I know Arduino by itself can't do that, but I'm planning to use Arduino as the main board so I thought I could post this question here.
For a volumetric display project ( fpga - 1000 Hz+ refresh rate displays/ projectors? (for making volumetric displays) - Electrical Engineering Stack Exchange ) I need to control 3 DMDs / DLP chips . I have found one DMD chip I believe will work best ( DLP7000: DLP7000 data sheet, product information and support | TI.com ) because of its exceptionally fast refresh rate. At >32000Hz binary and >1900Hz 8bit "greyscale" refresh rates I believe these are the fastest around and will allow to achieve nice colored volumes by using 3 of them (for Red, Green and Blue).
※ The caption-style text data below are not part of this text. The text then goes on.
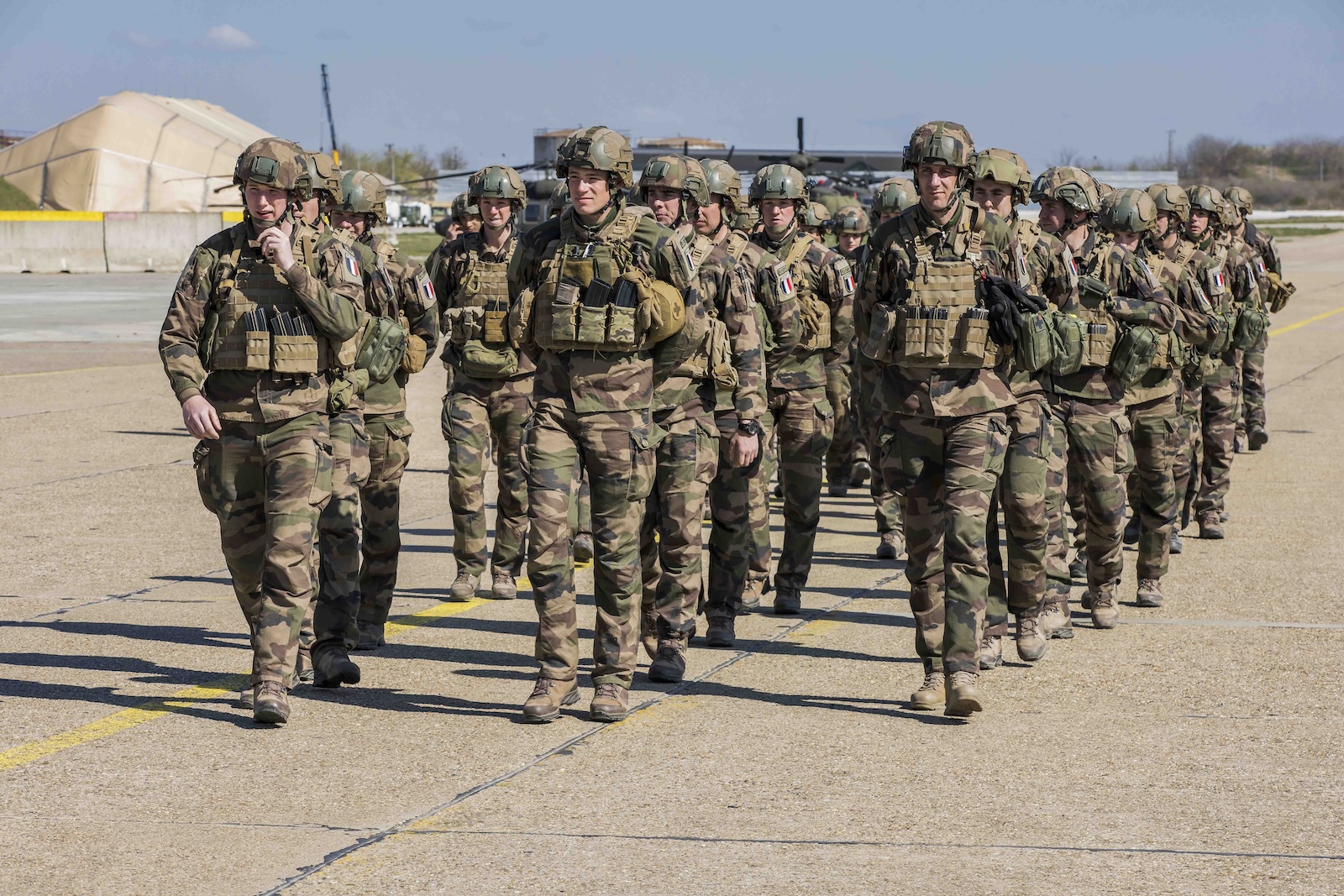 România NU trimite militari pe frontul din Ucraina!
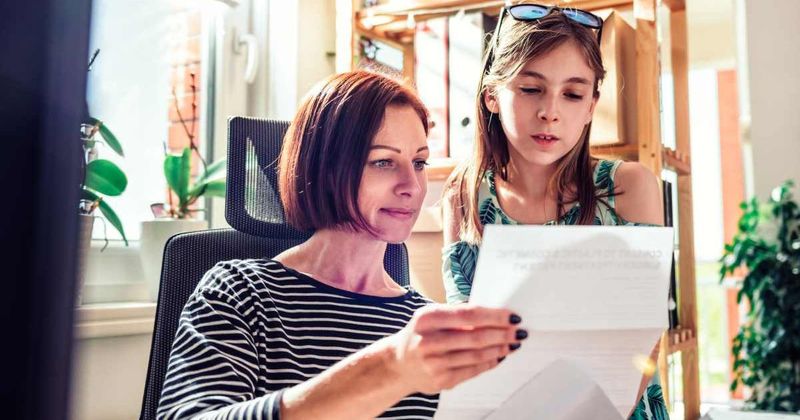 School comes with 'un-fundraiser' for parents who are swamped — and moms say it's life-changing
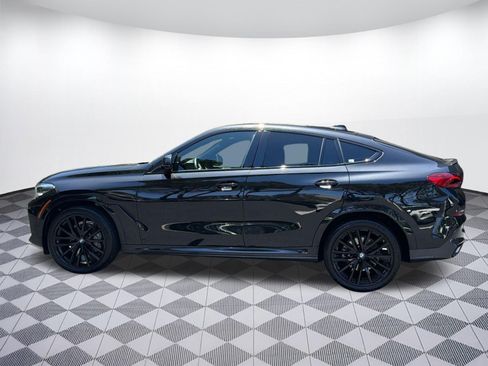 Used 2023 BMW X6 xDrive40i w/ M Sport Package AWD/4WD image 2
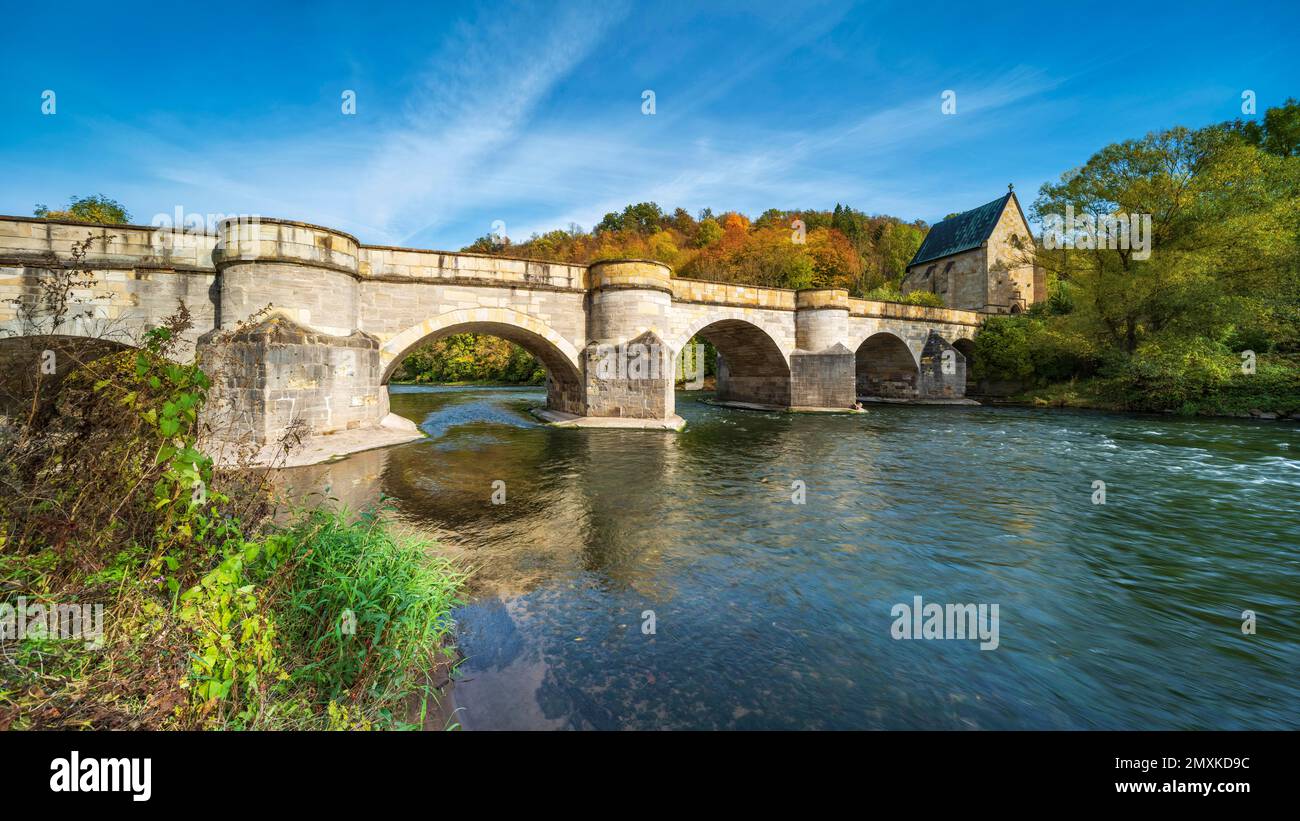 Ponte in pietra medievale sul fiume Werra, 13th ° secolo dietro la Cappella Liborius, Creuzburg, Turingia, Germania, Europa Foto Stock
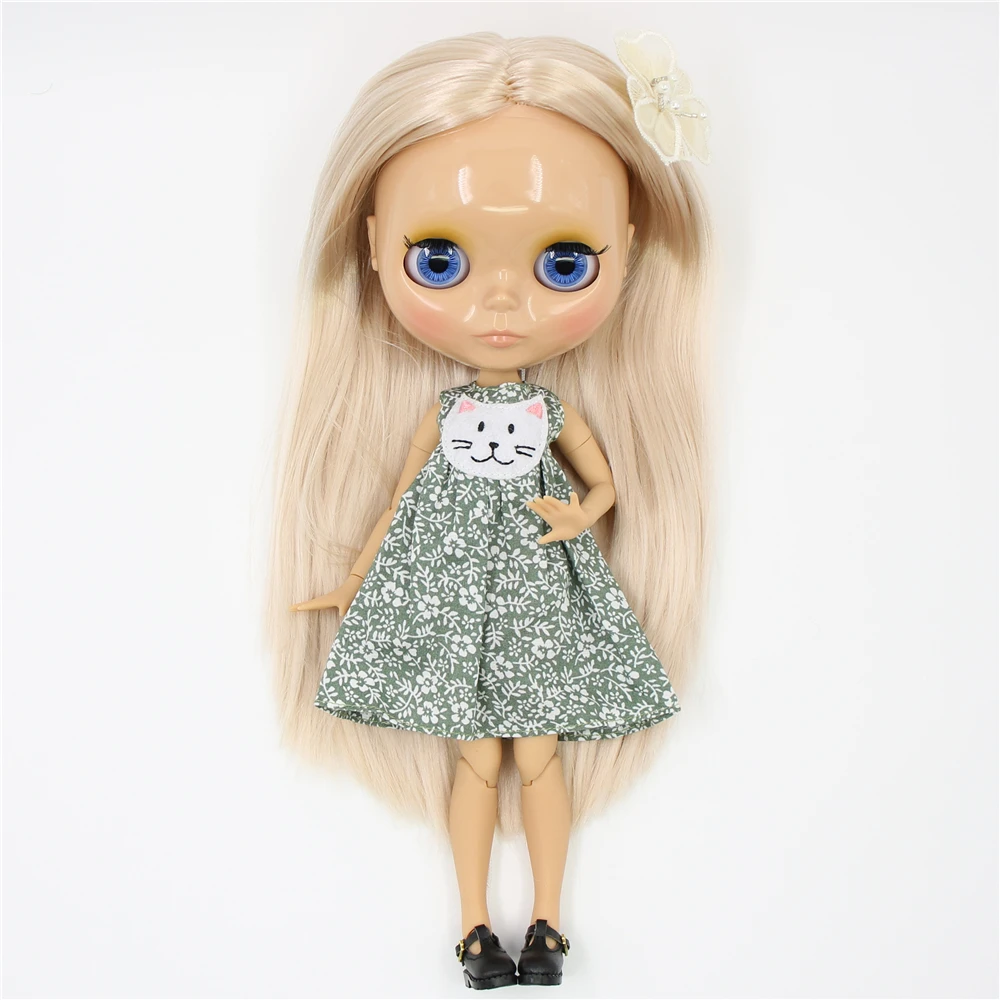 Neo Blythe Doll with Blonde Hair, Tan Skin, Shiny Cute Face & Factory Jointed Body 2
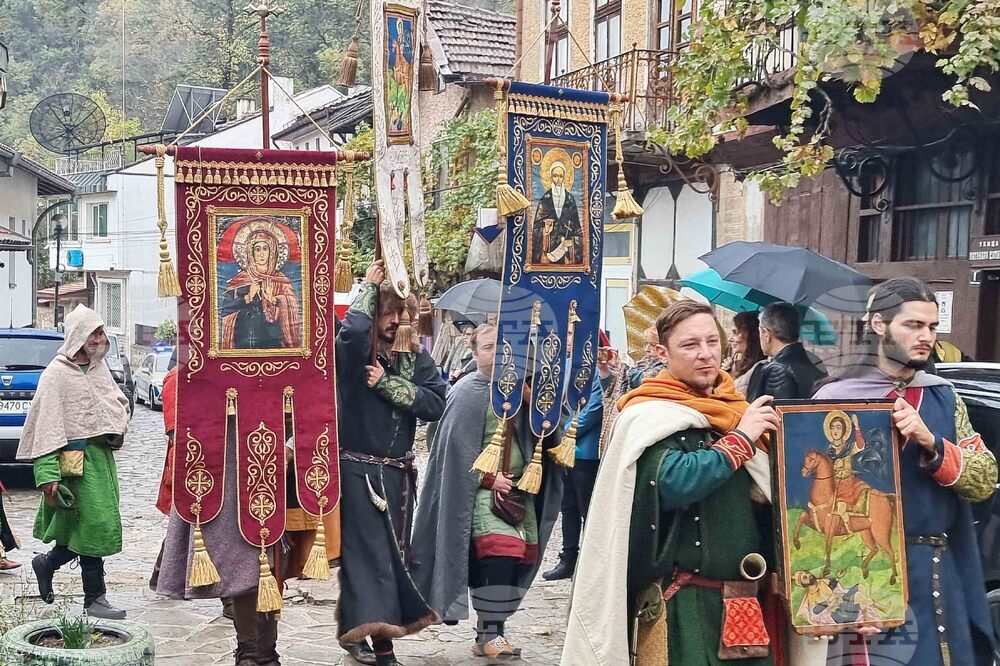 Велико Търново - Димитровден - въстание - честване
DLP products are pretty expensive but DMDs can be had for almost nothing by pulling them from DLP projectors or getting them as replacement chips for your projector.
However, when it comes to controlling them I haven't had the same luck with finding any affordable solutions.
Texas Instruments itself lists 3 "development kits":
DLP Discovery 4100 : http://www.ti.com/tool/dlpd4x00kit
LightCrafter Evaluation Module : DLP3010EVM-LC Evaluation board | TI.com
LightCommander : http://www.ti.com/tool/dlplightcommander
Only the first one uses the DLP7000 DMD and can run at those speeds but it destroys by project budget of $2000. The DMD driver, controller and PROM alone are not that expensive though : DLP7000 data sheet, product information and support | TI.com
Can anyone suggest an affordable way for me to control these DMDs than the "Discovery 4100"? Texas Instruments says those can be incorporated in a product directly, perhaps some TV or projectors use that or similar board I could scavenge for cheaper like the DMDs? Maybe used boards are sold somewhere? I don't know, suggest anything, I wouldn't want to stop the project at this stage because of the cost of the boards alone.
Older similar projects only mention the use of an 'FPGA'.
I would like to use an Arduino for powering the whole thing on and off and passing video data from a memory storage device and maybe playing synced audio in the future.